Curra West, Glenmalure, Knockanally, and Seafield are the only 18 hole courses that closed in 2017/2018, and these are countered by Hog’s Head and Adare re-opening. I don’t know how many 9-hole courses closed (I doubt it was 9) but Ireland still has too many courses for the reduced number of golfers. That, right there, is the biggest challenge facing Irish golf clubs: how do you survive when your audience has been slashed by 25% but the number of golf clubs has been reduced by little more than 6%?
Dunmurry Springs in Co Kildare closed last week and West Waterford has been on the market for little more than a month. It is depressing to see golf courses close … but it is more depressing to see golfers leaving clubs in droves.

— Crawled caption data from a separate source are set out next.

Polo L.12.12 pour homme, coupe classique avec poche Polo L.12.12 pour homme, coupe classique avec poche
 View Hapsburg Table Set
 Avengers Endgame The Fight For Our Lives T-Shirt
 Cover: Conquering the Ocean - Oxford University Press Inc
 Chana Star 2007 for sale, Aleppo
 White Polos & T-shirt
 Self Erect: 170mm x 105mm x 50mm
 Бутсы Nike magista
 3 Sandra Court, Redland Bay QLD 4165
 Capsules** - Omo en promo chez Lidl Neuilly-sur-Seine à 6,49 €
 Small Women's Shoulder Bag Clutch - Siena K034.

In addition to the problem of slow play, taking the time for a round of golf is a big commitment in the modern age. Family structure has changed and we are working longer hours. How does a golfer find the time for 18 holes?
New formats, shortened courses, different routings, 6-hole, 9-hole, 12-hole competitions … all should be considered and tested. And why not ask the members themselves. With a large membership, you will have people from many walks of life who will have a wide range of opinions and ideas. You never know what might work.
The challenges facing golf clubs are not insignificant. Something has to be done because doing nothing helps nobody.
These challenges will vary by club (some, for example, will have a very strong junior programme or effective marketing or smart green fee structures) so identifying the key ones facing your club is essential. It is time to face up to these challenges and find solutions that can make a difference.